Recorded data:
┄┄┄┄┄┄┄┄┄┄┄┄┄┄┄┄┄┄┄┄

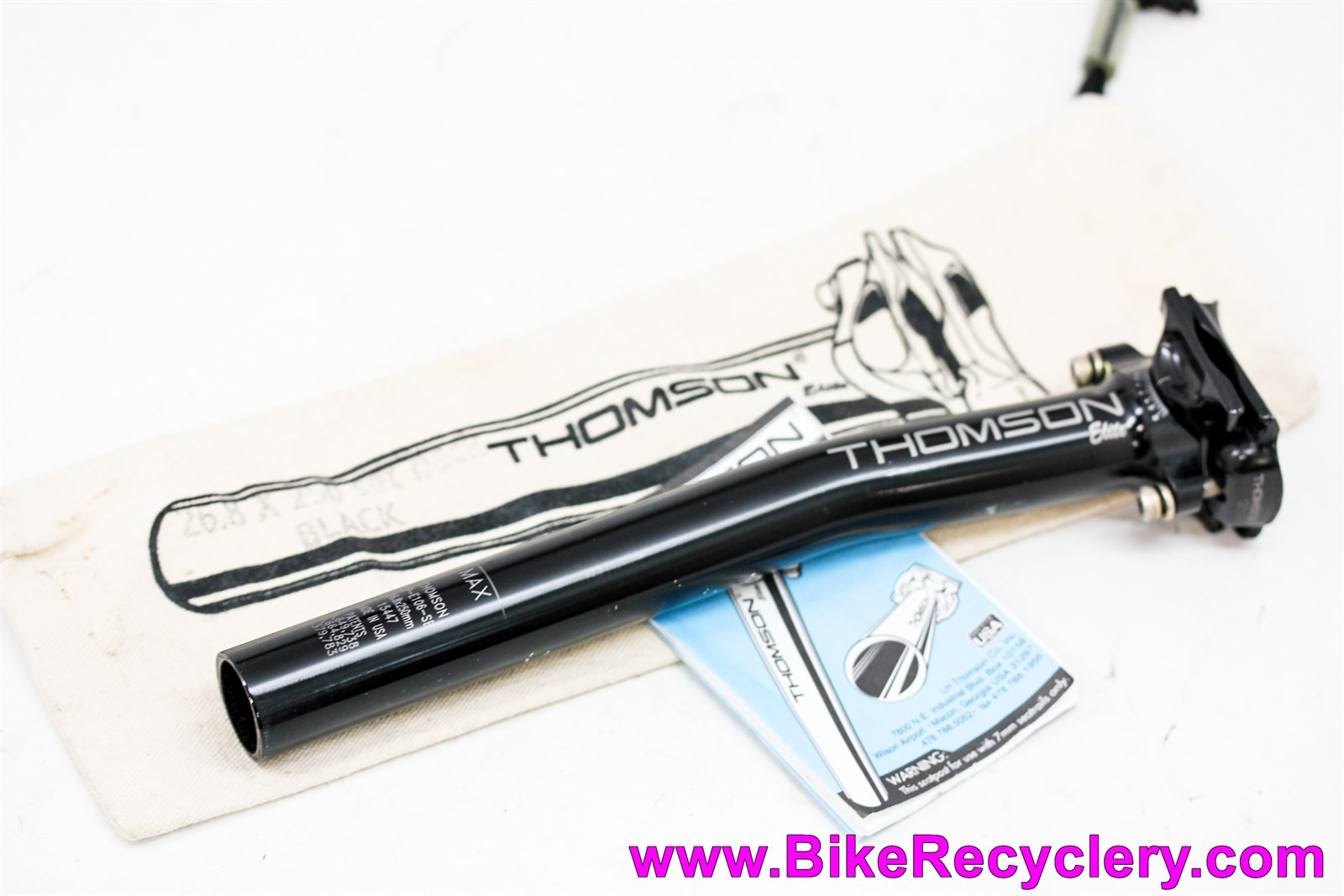 Thomson Elite Seatback Seatpost: 26.8mm x 250mm - Black (New Take 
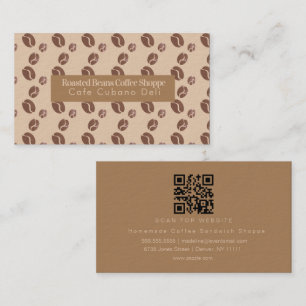 Kaffebönor Bryggning Butik Barista Företagskort Visitkort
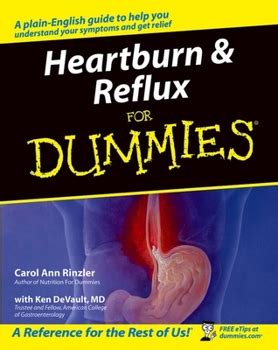 Read Online Heartburn  Reflux For Dummies By Carol Ann Rinzler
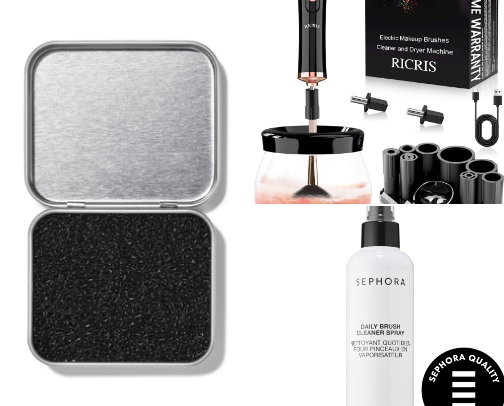 Brush Cleaning products that work! cover photo collage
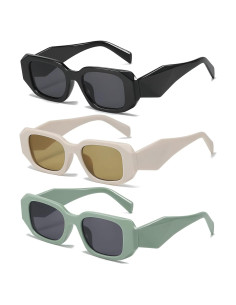 Gafas de Sol Rectangulares KUGUAOK 100% UV Protección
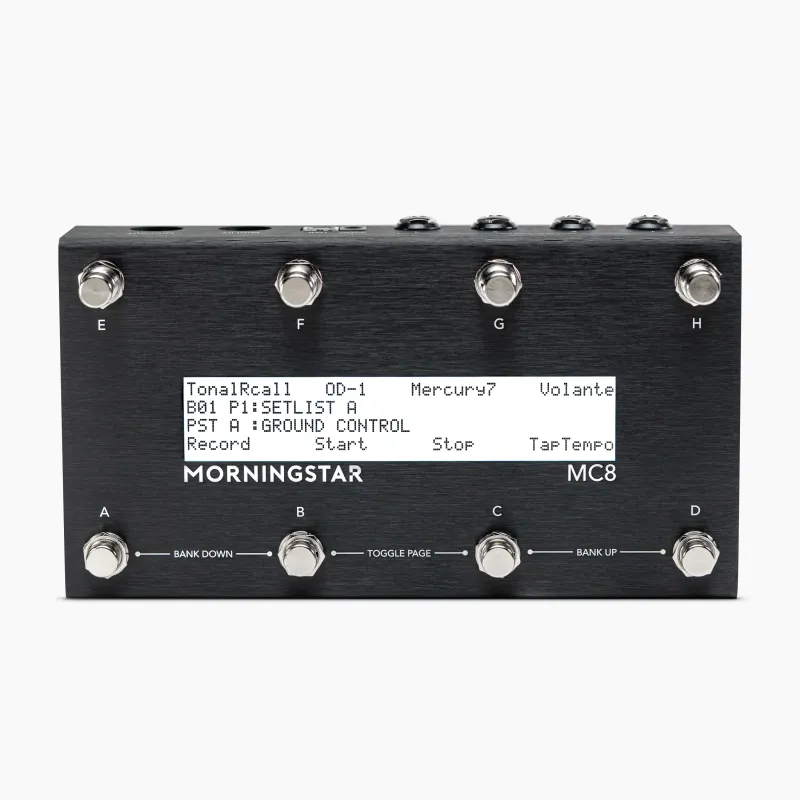 ギター MORNINGSTAR MC8 MC8 MIDI Foot Controller - Shop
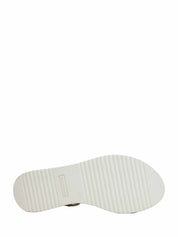 Sandali zeppa Beige Valleverde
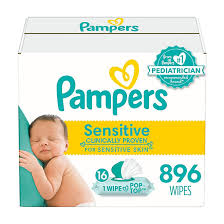 Pampers Sensitive Baby Wipes (896 ct.)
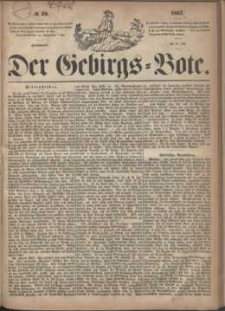 Der Gebirgsbote, 1867, nr 30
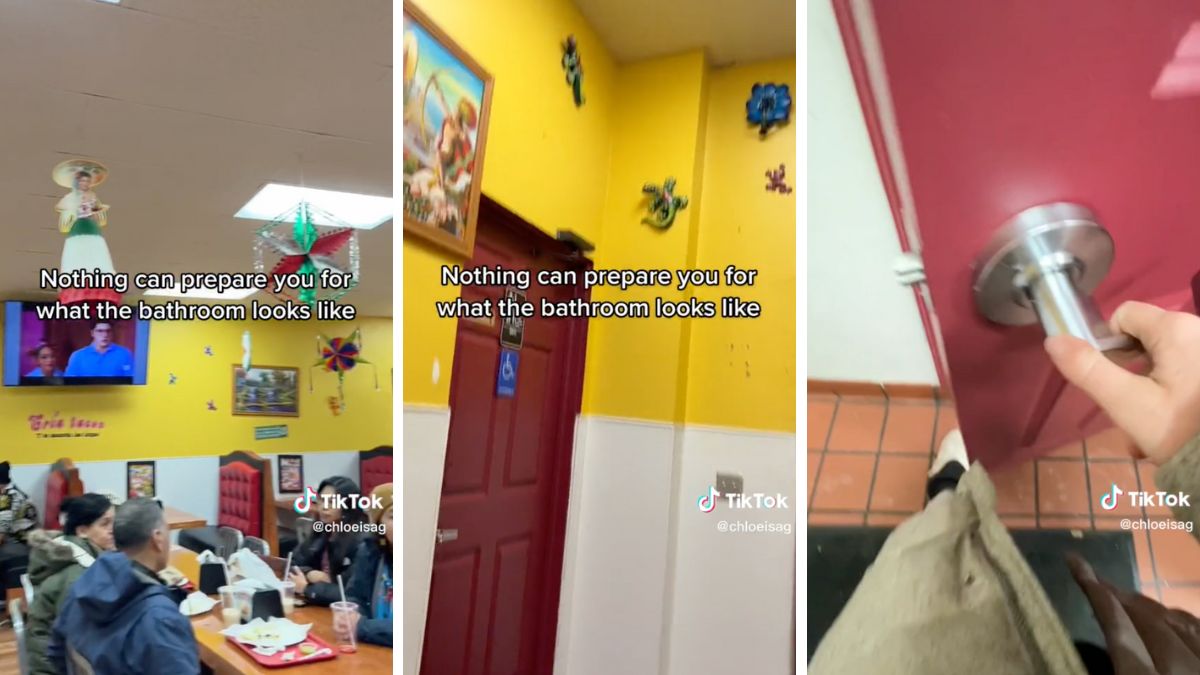 Compilation of screengrabs of the Millennial Grey Mexican Restaurant Bathroom on TikTok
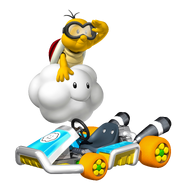 Lakitu and his Standard Kart in Mario Kart (Series)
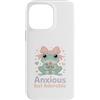 Cute Kawaii Anxious Frog Pastel Aestheti Custodia per iPhone 14 Pro Max Amante della rana pastello Kawaii ansioso ma adorabile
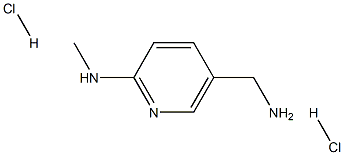 3-Pyridinemethanamine, 6-(methylamino)-, hydrochloride (1:2) 化学構造式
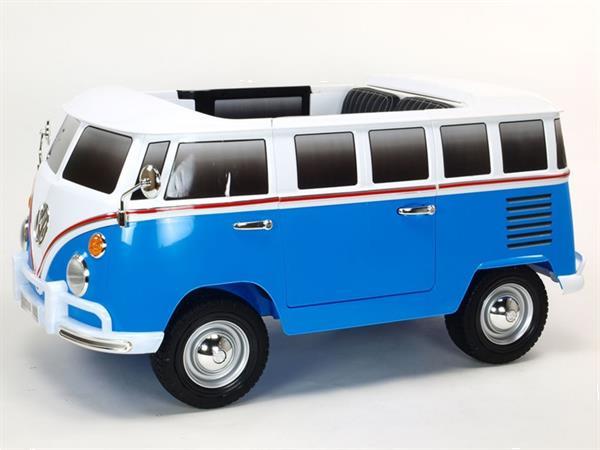 Grote foto volkswagen t1 sixties campervan 12v leder blauw 2 persoons r kinderen en baby los speelgoed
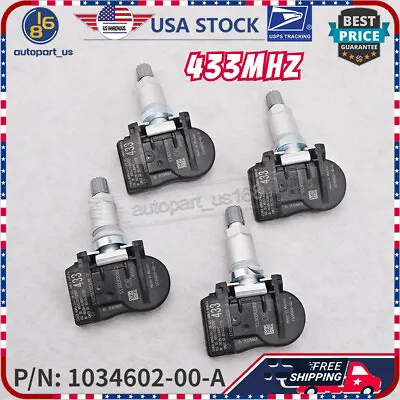 NEW 4Pcs Tire Sensor 1034602-00-B 1034602-00-A 433MHz TPMS For Tesla Model 3 S • $28.26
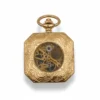 Gold Squircle Open Face Pocket Watch AU image 1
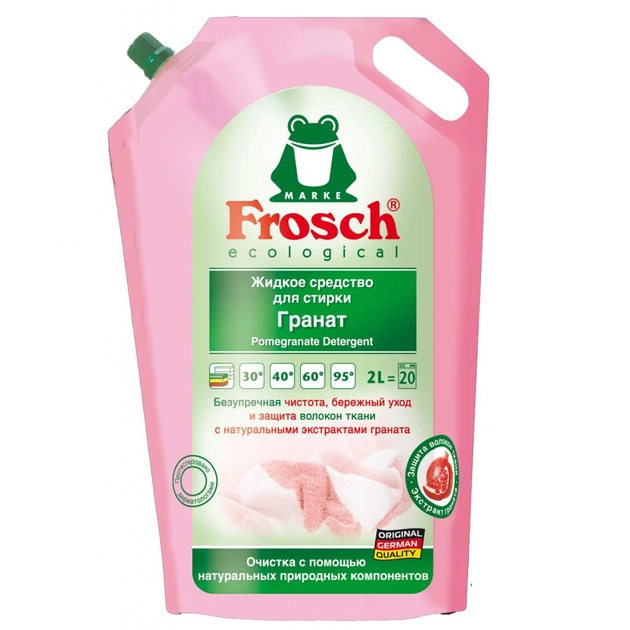 Гель для прання Frosch Гранат 2 л (4001499910807) - зображення 1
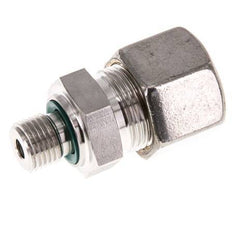 G 1/4'' Macho x 14S Racor de compresión recto de acero inoxidable con junta FKM 630 Bar DIN 2353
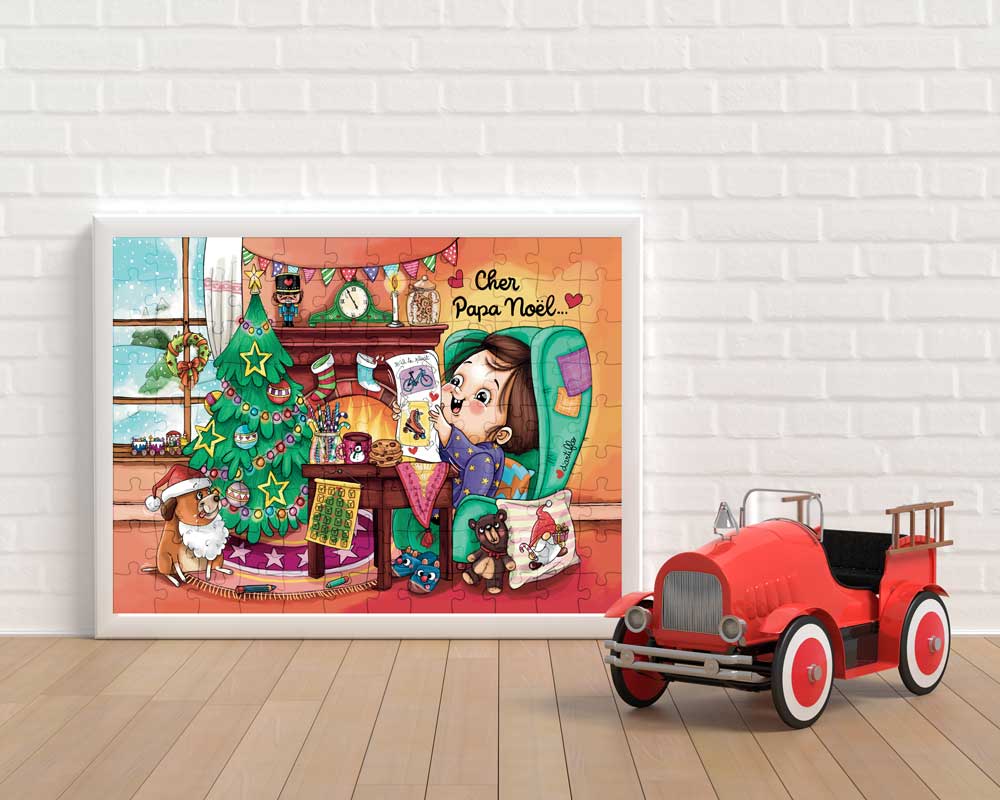 Puzzle pour Enfants : La Lettre de Noël - 100 Pièces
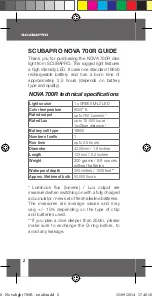 Preview for 2 page of Uwatec Nova 700R Manual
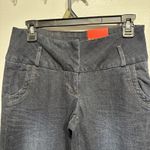 Elle  Wide Leg Jeans Women 2 Tall Low Rise Flare Stretch Blue Denim Pant *No belt Photo 1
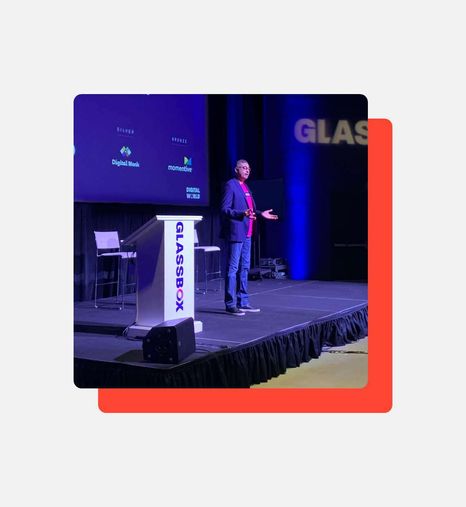 Glassbox event speaker 2x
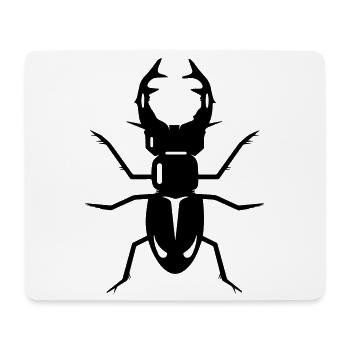 stilisierter Hirschkäfer mit prächtigen Geweih - Mousepad (Querformat) - Weiß - Vorne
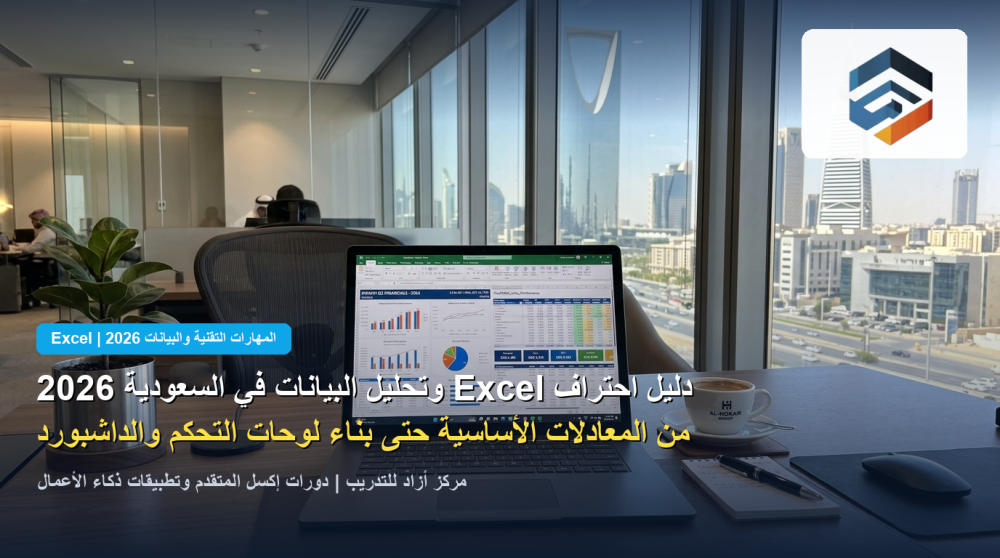 دليل احتراف Excel المتقدم وتحليل البيانات في بيئة الأعمال السعودية 2026: من المعادلات إلى لوحات القيادة (Dashboards)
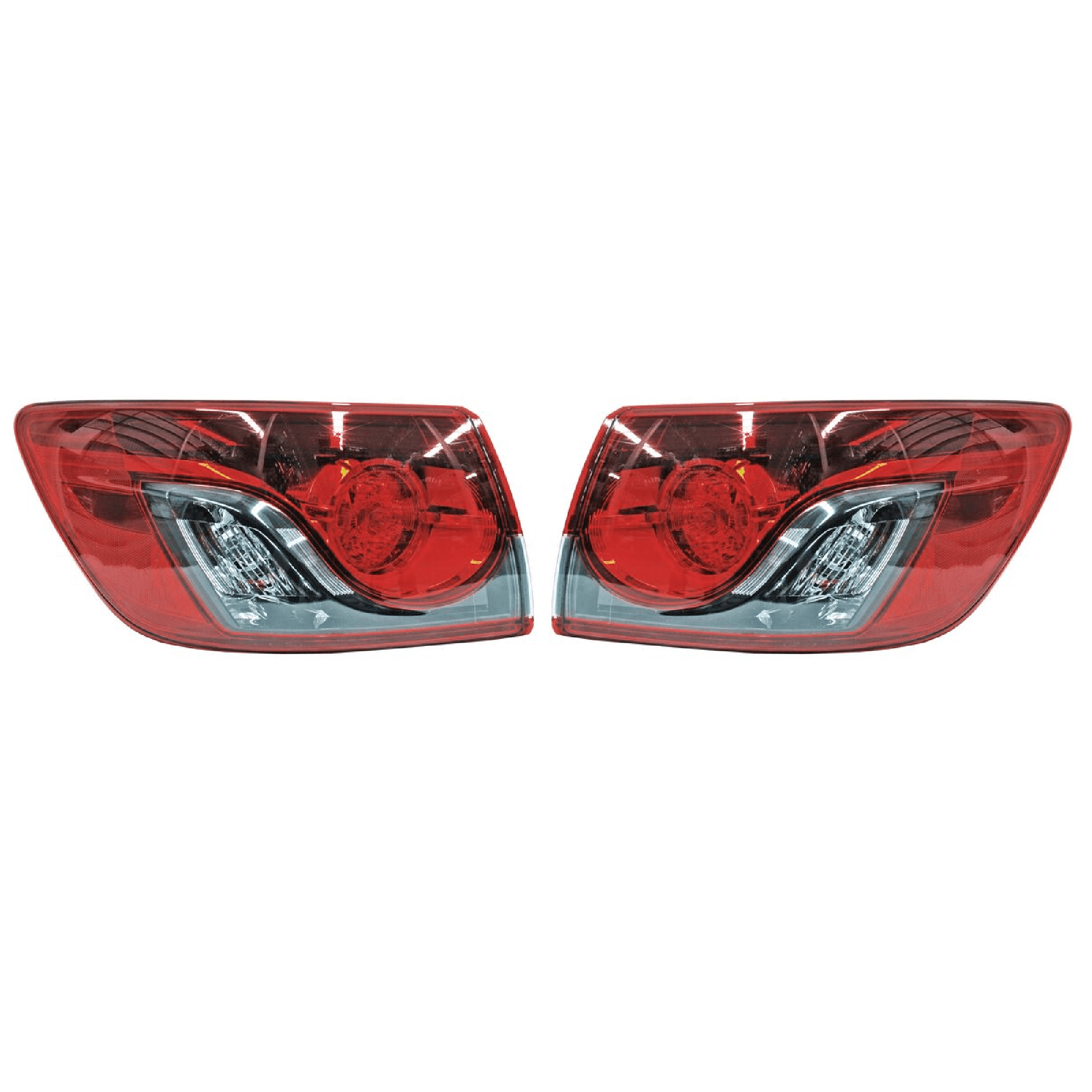 Par Calaveras Mazda Cx9 2013-2015 Exterior Con Arnes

┄┄┄┄┄┄┄┄┄┄┄┄┄┄┄┄┄┄┄┄

YOUR TASK:
Using the records above, reproduce exactly the lines from the line containing "stilisierter Hirschkäfer mit" through the last line, with both ends kept and no pictures.

RESPONSE BOX:
 stilisierter Hirschkäfer mit prächtigen Geweih - Mousepad (Querformat) - Weiß - Vorne
 دليل احتراف Excel المتقدم وتحليل البيانات في بيئة الأعمال السعودية 2026: من المعادلات إلى لوحات القيادة (Dashboards)
 Par Calaveras Mazda Cx9 2013-2015 Exterior Con Arnes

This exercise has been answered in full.